From the material below, please set down exactly the lines starting with the one with "An empty room" and going on through the one with "Fajita veggies, chicken, carne", without a single picture.

*Data excerpts*.
* * * * * * * * *

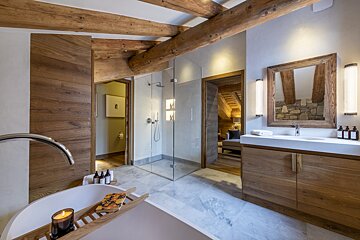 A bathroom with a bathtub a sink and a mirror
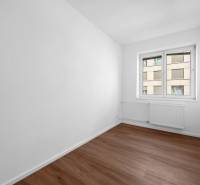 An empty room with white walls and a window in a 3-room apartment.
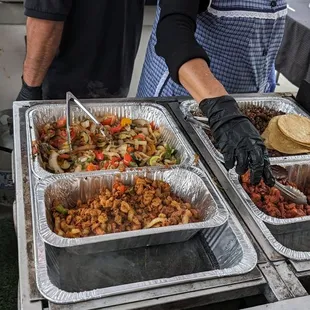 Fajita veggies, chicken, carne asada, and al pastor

* * * * * * * * *

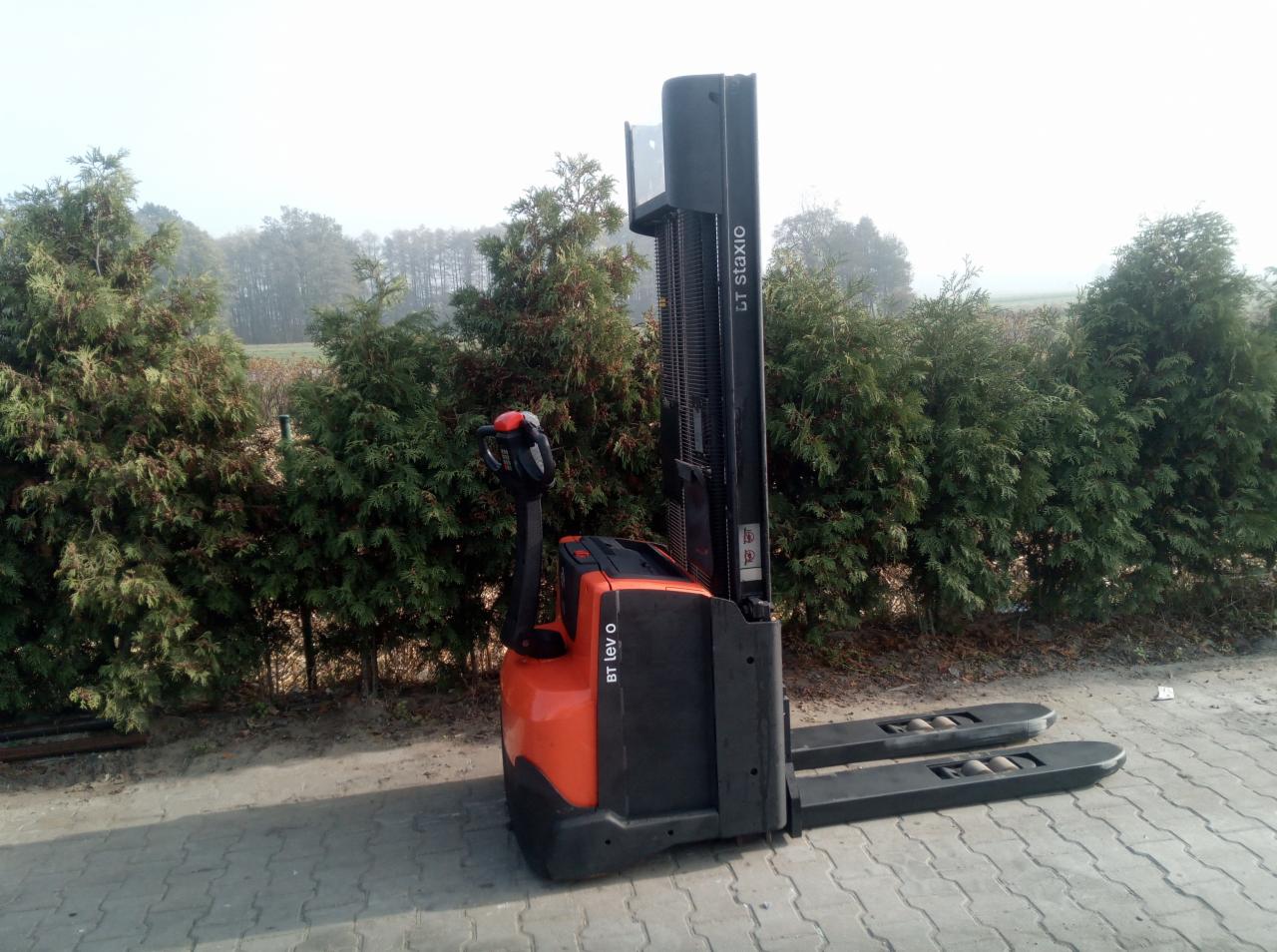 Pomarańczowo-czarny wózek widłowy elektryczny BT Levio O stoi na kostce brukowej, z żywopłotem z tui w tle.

* * * * * * * * *

*Task response*.
 An empty room with white walls and a window in a 3-room apartment.
 Fajita veggies, chicken, carne asada, and al pastor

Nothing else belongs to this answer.